According to Amidror, the pending reduction of electricity is only one of several elements of pressure on Hamas at the moment. In the beginning of April, the PA cut 30% from the pay of its Gaza employees, in an attempt to exert pressure on Hamas to cede power in the enclave to the PA , and according to Amidror, Abbas has threatened to stop paying all of Hamas’s bills.
The crisis in Qatar, which is now expelling Hamas members, also risks making a desperate situation worse if the Gulf nation cut financial aid to Hamas. “Almost 50% of financial aid to Gaza comes from Qatar, and if Qatar stops supporting Gazans it will be a major issue,” Amidror said.
“The people of Gaza cannot do anything to change the situation.
Hamas is a despotic, cruel regime which does not allow the people to voice any opposition.
“Will Hamas use the situation to launch rockets into Israel? I cannot exclude this, it might happen. There is no logic in it [firing rockets], as what will happen then? Nothing good for Hamas. But I cannot trust the logic of Hamas.”
On Monday, former defense minister Moshe Ya’alon told the audience at the Israel Peace Conference organized by Haaretz in Tel Aviv that “there is a deep awareness among the IDF leadership about the need to maintain balance vis-a-vis the Gaza Strip.
“For nearly three years, Hamas did not fire one bullet into our territory while other elements try to escalate the situation.
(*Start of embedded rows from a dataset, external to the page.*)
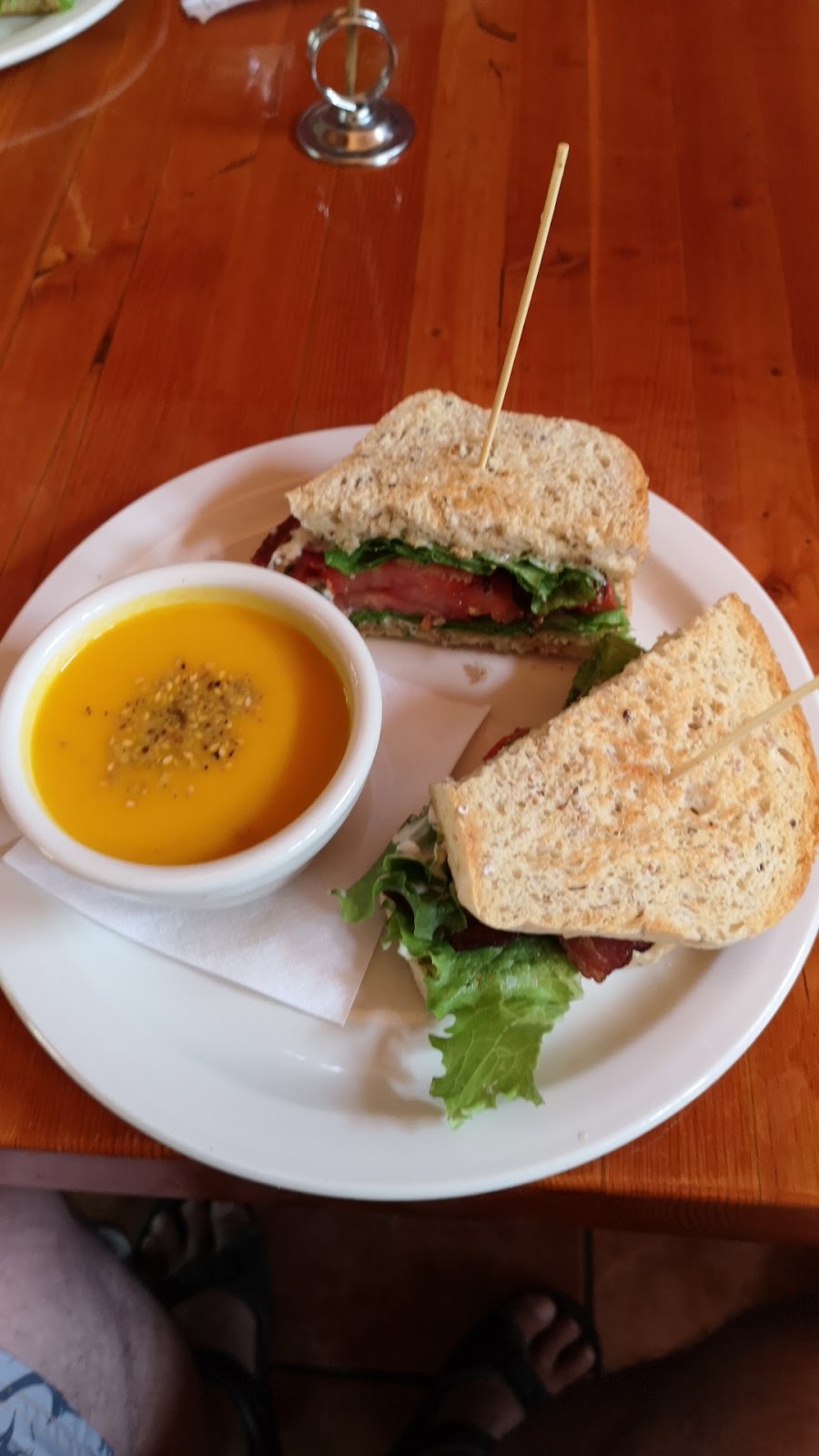 Linden Gardens and the Frog City Café | 351 Linden Ave, Kaleden, BC V0H 1K0, Canada | Phone: (250) 497-6600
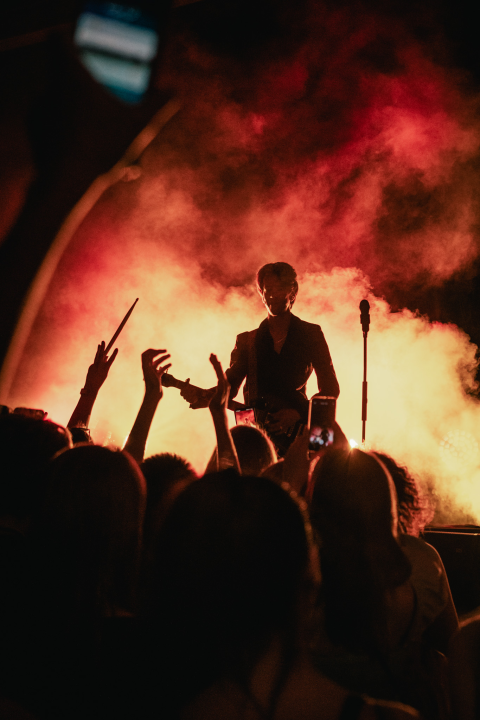 Nema ljubavi u klubu, ljubav je na tvrđavi: Plesnjak za milenijalce uz Buč Kesidi i Nipplepeople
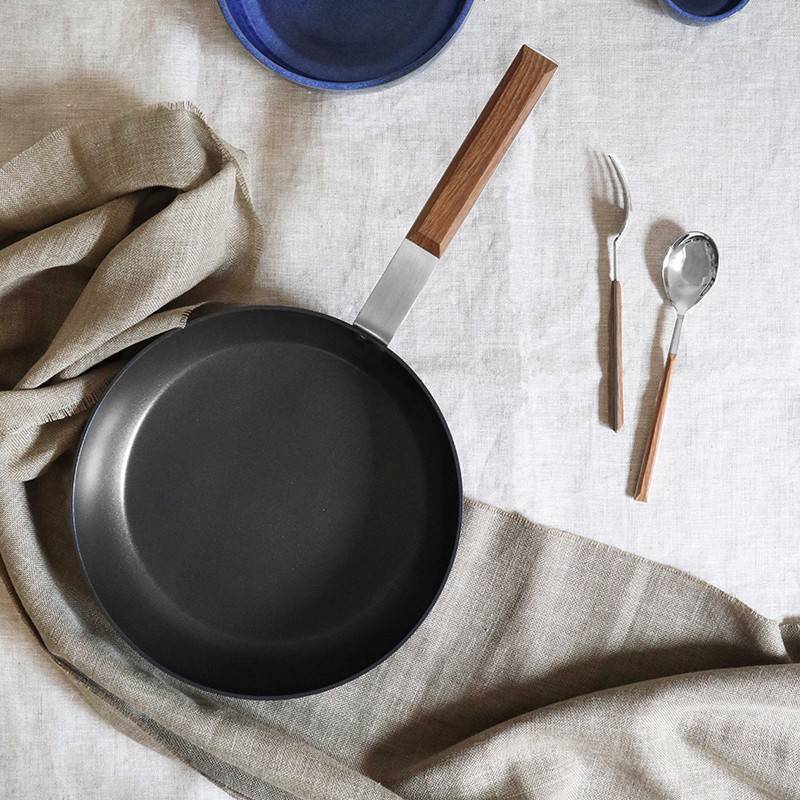 Pintinox Sushi » Padelle In Alluminio Forgiato Con Manico Effetto Teak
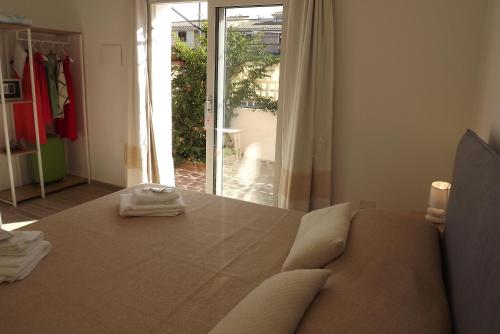 un soggiorno con tavolo, divano e finestra di Flamingo Guest House- Rooms a Olbia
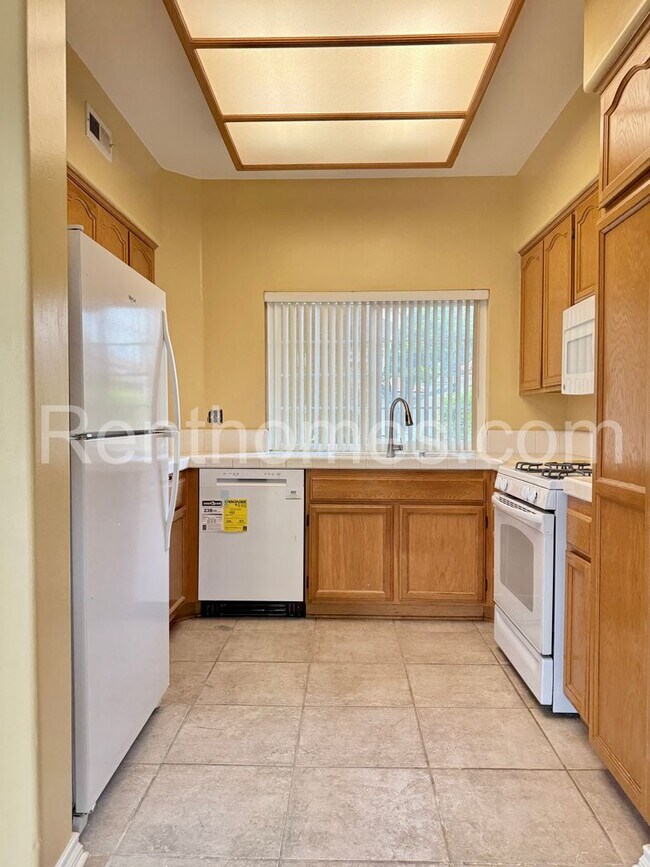 Foto del edificio - 12330 Springwater Point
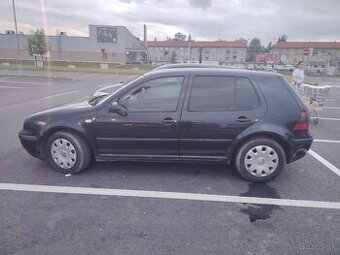 Golf 4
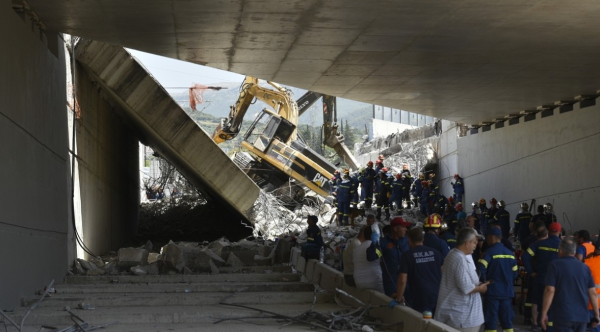 Κατάρρευση γέφυρας στην Πάτρα: Στους δύο οι νεκροί - Πέθανε 22χρονος Ρομά που νοσηλευόταν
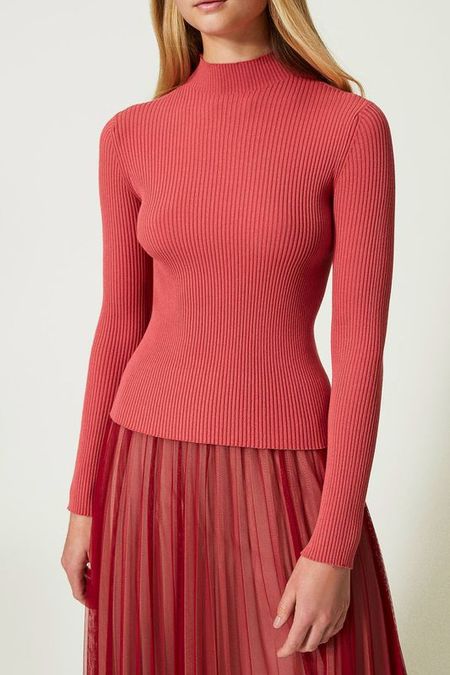 Однотонная водолазка в рубчик TWINSET 6328₽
The right combination is sticks and carrots. Sticks for those who raise their heads [attack] while on the other hand allowing the Gazans to live their lives.”
Hamas has in the past provoked confrontation with Israel to detract from internal issues, and while there is sporadic rocket fire by smaller Salafist groups challenging Hamas’s rule, a senior IDF officer recently said that it is surprising that no large-scale “classic terrorist attacks” have been attempted by Hamas for some time.
On Sunday, Eisenkot, Military Intelligence head Maj.- Gen. Herzi Halevi, and the Coordinator of Government Activities in the Territories Maj.-Gen. Yoav “Poly” Mordechai briefed the security cabinet on the worsening humanitarian situation in the Gaza Strip. While the IDF believes Hamas is not interested in a war with Israel at the present time, the senior IDF officials told the ministers that Israel must nevertheless be prepared for one to break out if either side makes a miscalculation about the other’s actions.
On Monday, PA spokesman Yousef al-Mahmoud blamed the electricity crisis on Hamas, explaining that it failed to transfer the tax revenue it had collected to Ramallah so that the power bill could be paid.
Mahmoud called on the Gaza Electricity Distribution Company to pay the outstanding bill, the Palestinian news agency Wafa reported.
Should Israel reduce electricity to the Strip, the two million people living there would have only two to three hours of power a day, down from the four hours they have had since April.
In April, the PA imposed an onerous tax on the diesel fuel needed to operate the sole Gaza power plant.
The plant, which had provided between 90 and 120 MW, shut down because it could not afford the tax, which doubled its operating costs.
This left Israel, which provides Gaza with 125 MW, as Gaza’s sole provider of electricity.
Egypt provides 27 MW, but its three electricity lines are rarely operational.
Cairo extended an offer to Hamas to provide power to the Gaza Strip in exchange for security changes at the Sinai border, Ashraq al-Awsat, the international Arab newspaper based in London, reported on Tuesday morning.
According to the report, Cairo said it was willing to ease up restrictions at the Rafah crossing and provide additional humanitarian aid to the Strip if a list of security demands that was passed on to Hamas leader Yahya Sinwar will be met.
Among the demands, according to Ashraq al-Awsat, was that Hamas extradite 17 wanted terrorists to Egypt, crack down on security along the border between Sinai and the Strip, and stop weapons smuggling to Sinai.
Jerusalem Post Staff contributed to this report.